The TSPM-DB library represents a careful and deliberate approach to integrating AI assistance in research software development. While AI tools were leveraged to accelerate implementation of routine data operations, the core algorithm and API design were developed and validated by domain experts to ensure scientific accuracy and usability.
The Transitive Sequential Pattern Mining (TSPM) algorithm implementation was designed and hand-built by Nick Benik (Neomancy Inc / Harvard Medical School). Nick also architected the library's public API with careful attention to usability for bioinformaticians and data scientists working with electronic health records. The algorithm implementation underwent rigorous hand-optimization to ensure both correctness and performance when processing large-scale EHR datasets.
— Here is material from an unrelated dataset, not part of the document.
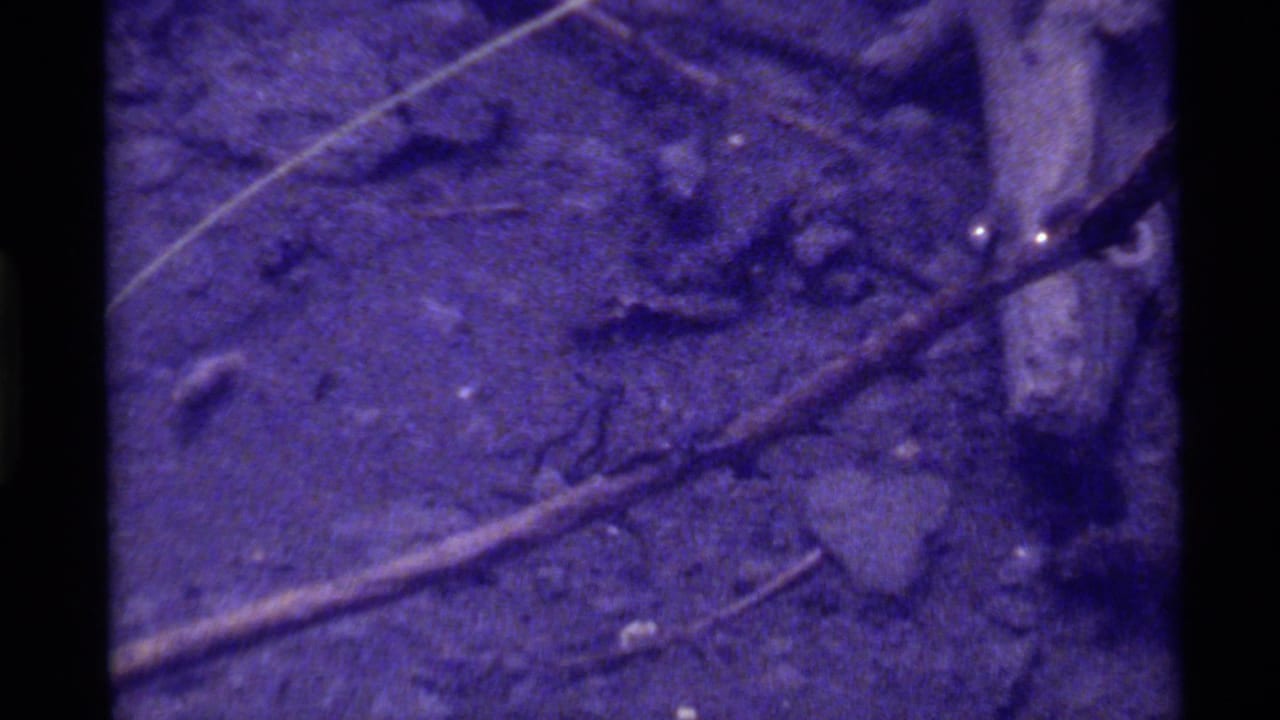 1972 Holland Lake 8mm frame showing dark textured ground, scattered twigs, pale diagonal strands, and heavy purple film cast.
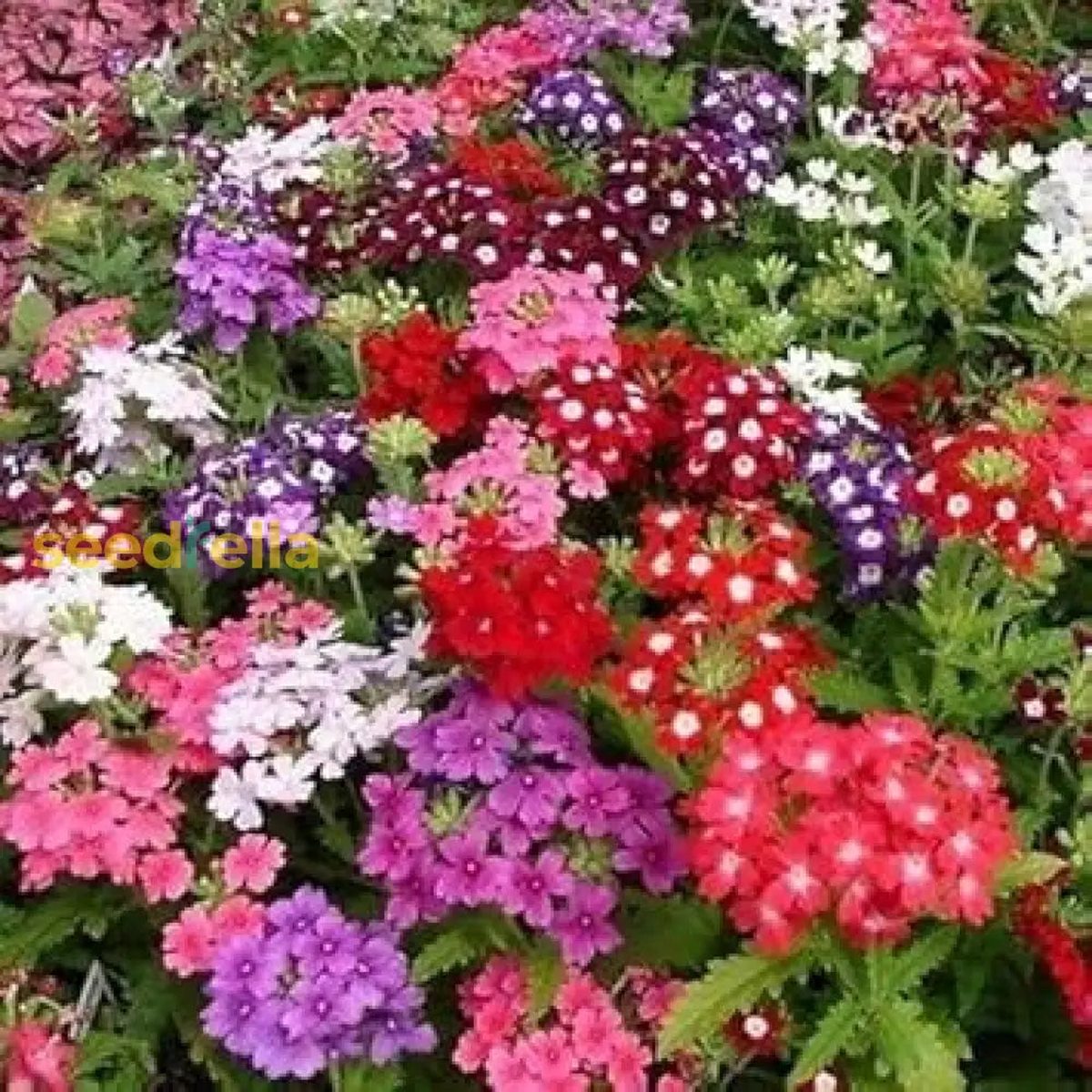 Mixed-Color Verbena Flower Seeds for Planting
AI was strategically employed to implement CRUD operations (Create, Read, Update, Delete) and data retrieval operations that consume the results generated by the hand-built TSPM algorithm. These include:
- Patient and observation code lookup and translation
- Subpopulation management (creation, membership, querying)
- Frequency filtering and aggregation from pre-computed results
- DataFrame and iterator return format conversions
- Documentation and example notebooks
This division of labor allowed the team to maintain scientific rigor where it matters most—in the algorithm itself—while leveraging automation for supporting infrastructure.
The implementation was independently reviewed for accuracy by:
- Mr. J.H., PhD (Visiting Researcher at InstitutionXYZ)
- Mr. H.E., PhD (InstitutionXYZ)
This external validation ensures that the algorithm implementation faithfully reproduces the TSPM methodology as described in the original research and that the library's behavior is correct across a range of datasets and use cases.
TSPM-DB demonstrates that AI can be a valuable tool in accelerating research software development when used thoughtfully: automating routine tasks while preserving human expertise and oversight for the components that directly impact scientific validity.